FIGURE 2.

OMV uptake by intestinal epithelial cells. (a) Experimental set up of in vitro experiments. Organoids received either 4*10⁴ bacteria or 4*10⁵ OMVs via microinjection. (b) Small intestinal organoids derived from Rosa26.tdTomato mice were microinjected with E. coli ^GFP (left, Green) or E. coli ^Cre plus E. coli ^GFP (right, Green 1:1 dilution). Pictures were taken 8 (upper panel) or 20 (lower panel) hours post injection. Successful transfer of bacterial Cre to host cells is traceable by tdTomato‐positivity (red). Scale Bar: 50 μm. Inset: Higher magnification of tdTomato‐positive signal only (red). Experiments were repeated three times with similar results. Stars mark crypt region, black arrows label side of microinjection, white arrow marks individual tdTomato positive epithelial cell. (c) Representative confocal pictures of small intestinal organoids (Rosa26.tdTomato) microinjected with OMVs derived from E. coli ^GFP (left) or E. coli ^Cre (right).

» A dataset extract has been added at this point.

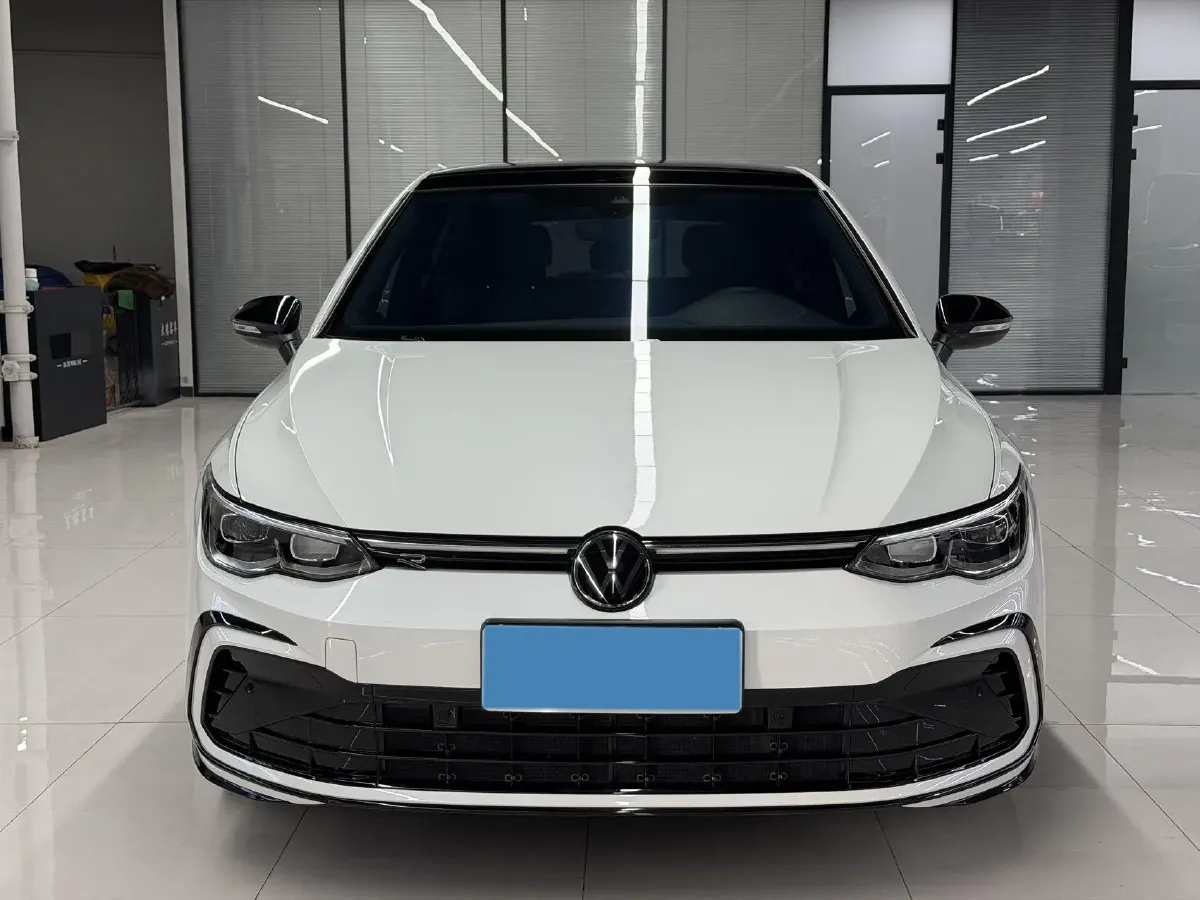 2021 Volkswagen Golf 1.4T 150HP L4 7DCT,autocango,china used car exporter,china ev exporter,chinese used car exporter,chinese used ev exporter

Confocal images were taken 8 hours after microinjection. Experiments were repeated three times with similar results. (d) Quantification and (e) representative confocal images of small intestinal organoids derived from Rosa26.tdTomato mice after microinjection with purified OMVs (E. coli ^Cre) cultured in the absence (‐Dynasore) or presence (+Dynasore) of the dynamin GTPase inhibitor Dynasore. The data are depicted as the mean of the number of organoids that displayed tdTomato positive cells (independent of intensity). The dot plots depict the mean of one analysed culture [with 100 microinjections] and the whiskers min–max values. ****P < 0.0001. Data are derived from two independent experiments.